Today, the pace of power consumption continues to rapidly increase in data centers. As a result, in late 2006, the House and Senate passed bills that tasked the Environmental Protection Agency with how to reduce the pace of power consumption in data centers.

Along with power consumption, data centers are also expected to operate without downtime. One of the ways to help data center managers achieve their company’s availability objectives is to design redundancy into the data center infrastructure.

As the demand to be operational increases, often it is necessary to duplicate components that make up the data center infrastructure, either to allow for planned maintenance or to protect availability from unplanned failures. At the upper end of availability requirements, multiple power grids are funneled into a single data center to provide assurance that there
will always be power available to run the facility.

Thanks to the efforts of the Uptime Institute and other standards resources, most active component manufacturers today build their components with dual (sometime triple) power supplies. 

Multiple power supplies allow a component to have power delivered to it from multiple power sources and pathways.

In conjunction with the increasing amount of power in data centers, it is also becoming more critical to build a solid electrical grounding grid to protect the equipment and the personnel. See ANSI/-J-STD-607-A or CENELEC EN50310 for more information.

While the traditional rule of thumb for data center power planning has typically been expressed in “watts per square foot,” availability conscious data centers are adopting “watts per cabinet” as their new rule of thumb for power planning. 

In addition, as data center managers migrate toward either Tier 3 or Tier 4 availability, they are constantly looking at ways to create redundancy in their infrastructure. This is especially true of data centers that are required to operate all day, every day. Without redundancy, data centers would have to shut down the systems to perform routine maintenance.

Even though redundancy in the infrastructure allows continuous operation of the data center, it creates significant problems at the cabinet level. Redundant power supplies require twice as many power cables and power strip outlets. Multiple communication pathways increase the number of data cables outside of the cabinet.

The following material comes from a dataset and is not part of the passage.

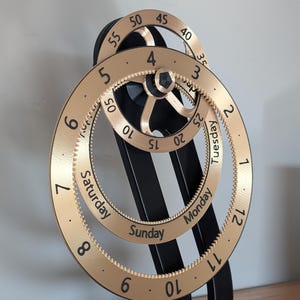 May include: A mechanical calendar clock featuring a black stand and two rotating gold rings. The outer ring displays numbers 1 through 12 and days of the week, while the inner ring shows numbers 5 through 55 in increments of five and 1 through 5.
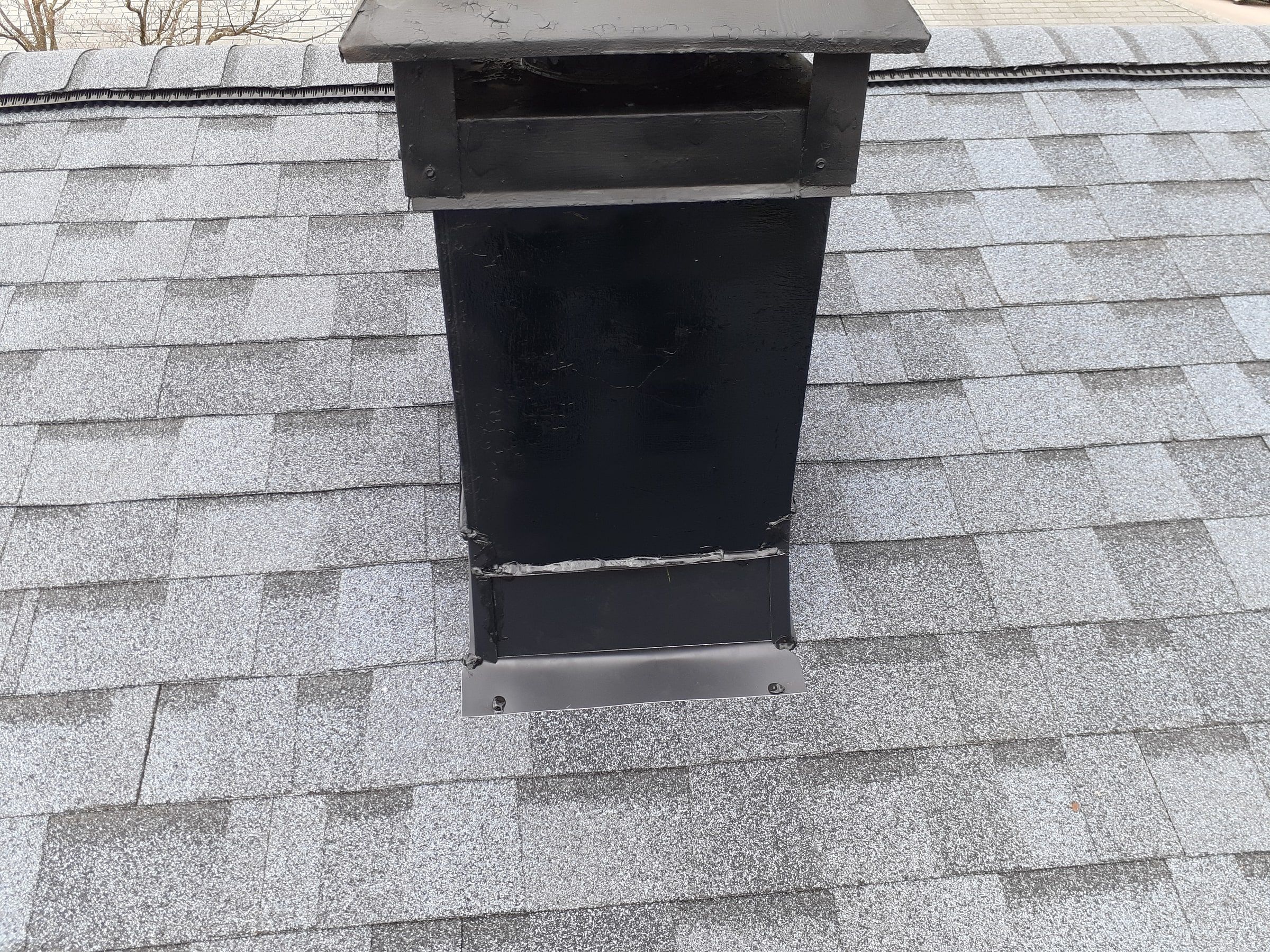 The chimney with its new black flashing on the finished roof, Kettering, Ohio.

In addition, as the power and thermal densities increase at the cabinet level, it is increasingly important that management and monitoring systems are added to the cabinet and the data center. The systems that are available today provide complete coverage of the environmental and component operation at the cabinet level, as well as for the
entire data center. Typical systems can be configured to monitor temperature, smoke and humidity, as well as power consumption, fan status and UPS operation.

Data Center power
Fig 2: Basic Power System 


Tier I (Basic) (N*):

Need single path for power and cooling distribution, no redundant components, 99.671 percent availability.

Susceptible to disruptions from both planned and unplanned activity. UPS or generator is a single-module system with many single points of failure. To perform annual preventive maintenance and repair work, the infrastructure must be completely shut down.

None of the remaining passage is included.